= Lady Qiong (Han dynasty) =

Lady Qiong was a Chinese noblewoman from the late Eastern Han dynasty. She was the wife of Guo Si, who ruled de facto China with Li Jue after Dong Zhuo's death. She is best-known for participating in a conspiracy to separate Guo Si and Li Jue, triggering infighting between the two that led to their downfall.

== Background ==
Lady Qiong lived during the collapse of the Han dynasty, a time marked by internal conflicts and the rise of warlords. Following the assassination of Dong Zhuo, a tyrannical warlord who controlled Emperor Xian, in 192, his followers, including Li Jue and Guo Si, seized power in Chang'an, holding the young emperor hostage. Initially allies, Guo Si and Li Jue shared control of the government, but their conflict, driven by personal rivalry, paranoia, and poor leadership, destabilized the Han court and contributed to their eventual downfall.
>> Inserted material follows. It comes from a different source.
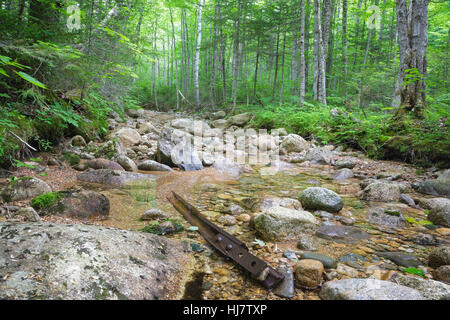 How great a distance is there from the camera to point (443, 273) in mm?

== Guo Si and Li Jue conflict ==
In 195, tensions between generals Guo Si and Li Jue boiled over. Lady Qiong, Guo Si’s wife, fueled their rift, suspecting Li Jue of plotting to poison her husband. To deepen mistrust, she manipulated food sent by Li Jue, claiming it was tainted, and even poisoned a gift herself, feeding it to a dog, which died, convincing Guo Si of Li Jue’s treachery. She also falsely accused Guo Si of an affair with one of Li Jue’s concubines, further stoking discord.

This sparked armed clashes between Guo Si and Li Jue’s forces, weakening both sides. Their rivalry erupted into open warfare in Chang’an as they fought for control of Emperor Xian. The chaos enabled the emperor’s escape in 196, with assistance from warlords like Zhang Yang. In 197, Guo Si was killed by his subordinate Wu Xi. No historical records detail Lady Qiong's fate after these events.

== Romance of the Three Kingdoms ==
In the 14th century historical novel, Romance of the Three Kingdoms, which romanticizes previous events and during the Three Kingdoms period of China, introduces Lady Qiong in Chapter 13. She is portrayed as a cunning figure who exacerbates the distrust between Guo Si and Li Jue.

== Sources ==

- Chen, Shou (3rd century). Records of the Three Kingdoms (Sanguozhi).
- Fan, Ye (5th century). Book of the Later Han (Houhanshu).